→ Try it
Repeat exactly the line with "Used 2016 Ford" and each line after it to the end of the data below; pictures stay out.

→ Web page caption snippets
####

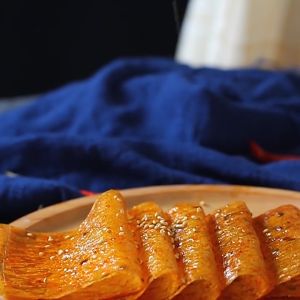 【XBYDZSW】【High Quality and Fast Delivery】Old-fashioned Spicy Slices 80g Childhood Nostalgic Net Red Spicy Strip Snacks Spicy Dried Tofu 辣片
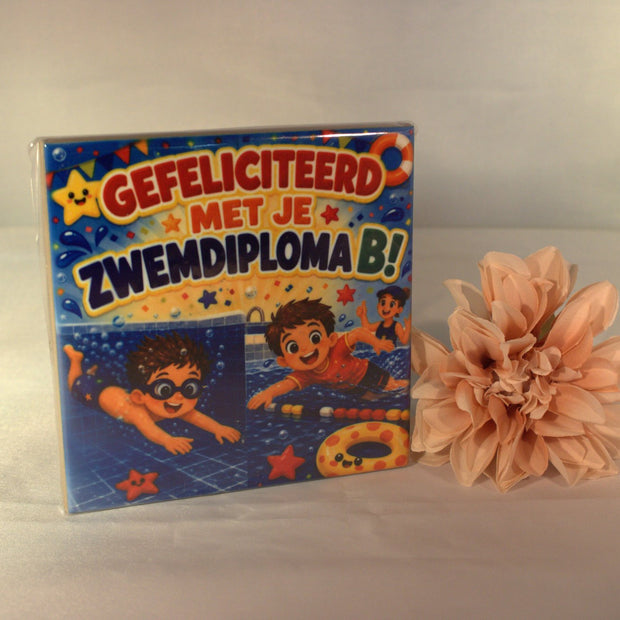 Keramisch tegeltje cadeau zwemdiploma B met tekst Hoera geslaagd - leuk cadeau voor zwemdiploma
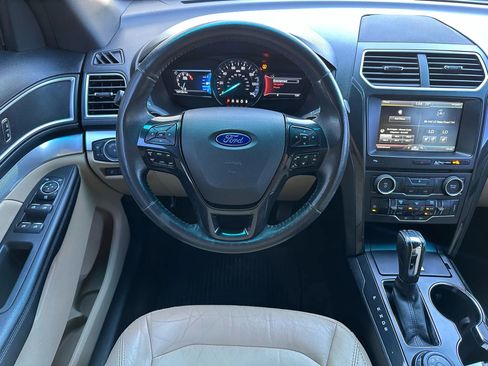 Used 2016 Ford Explorer XLT w/ Equipment Group 202A image 24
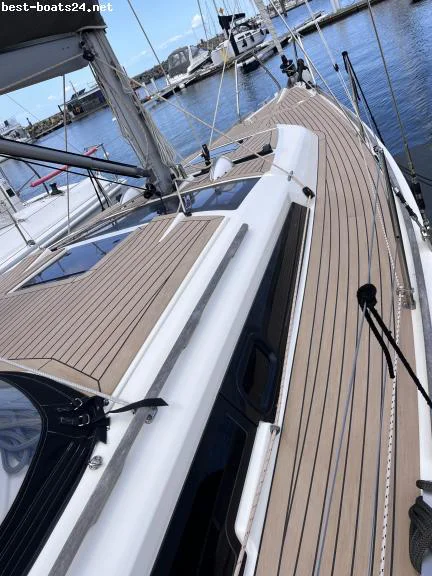BoatPhoto.alt
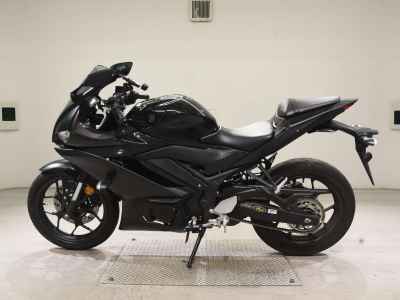 Yamaha YZF-R3 2021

####

→ The answer
 Used 2016 Ford Explorer XLT w/ Equipment Group 202A image 24
BoatPhoto.alt
 Yamaha YZF-R3 2021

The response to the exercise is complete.